Baker owns World of Bikes, an Iowa City cycling shop that started in 1974. After a childhood spent taking family bike trips, and a part-time job at a cycling shop during his high-school years, Baker began working at World of Bikes in 1993 as a University of Iowa student.
Dan Nidey, then the store’s owner, was impressed by Baker’s knowledge of the industry and work ethic.
“There were only a few people who ever came through as employees that I thought could someday run my business,” Nidey said. “And [Baker] was one of them. He had the aptitude and the personality to do it.”

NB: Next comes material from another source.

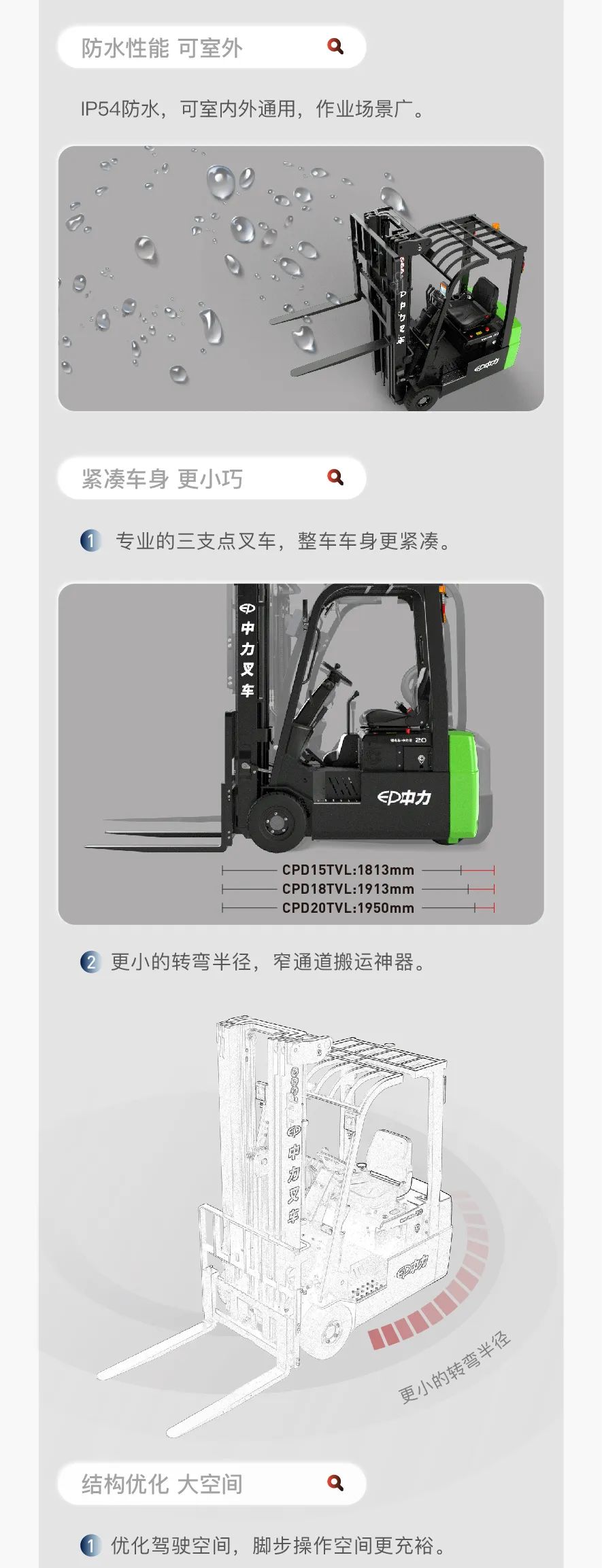 举世有“双”，才够专业！中力双驱三支点震撼上市！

While Baker didn’t realize it yet, his time working at World of Bikes planted in his mind the idea that he could one day own his own shop. First, he moved out to Denver in search of what he called “a real job.” He spent a few months working for a concrete company.
But his eventual return to the bike-shop business was sealed when he wandered into a store called Treads Bicycle Outfitters.
“It just felt like home,” Baker said. “It was a family-owned store, close-knit atmosphere, it just felt right.”
Baker met the woman who became his wife, Erin, in Denver, and eventually they moved to Chicago. There, he received a call from Nidey, with whom he had maintained a friendship, asking if he had any interest in returning to Iowa City and taking over World of Bikes.
“Heck, yeah,” he said. Baker purchased the shop from Nidey in 2006.
For a year and a half, Nidey showed Baker how to run the business side of the store. Baker had tried to study business at Iowa, but ended up studying geology instead because it allowed him to spend more time outdoors.
Eventually, the business became easy enough for him to handle, and now Baker has a job he loves.
“He’s one of the lucky few whose hobby is his job,” Erin Baker said.
Not only his job revolves around cycling, however. He said he tries to get out for a “serious ride” two or three times a week. And when the weather permits, he rides a bike to and from work each day — “to get going in the morning and wind down at night,” he said.
He also is trying to teach his sons, 4 and 2 years old, how to bike.
“My 4-year-old is getting pretty good,” he said. “The next step is to lose the training wheels.”
Ryan Baker said the best thing about owning World of Bikes is the people he gets to work with. And Erin Baker said that’s part of what makes him a good owner.
“He’s a cyclist himself, so he knows what he’s talking about,” she said. “And he really cares about the product, and about the people he deals with.”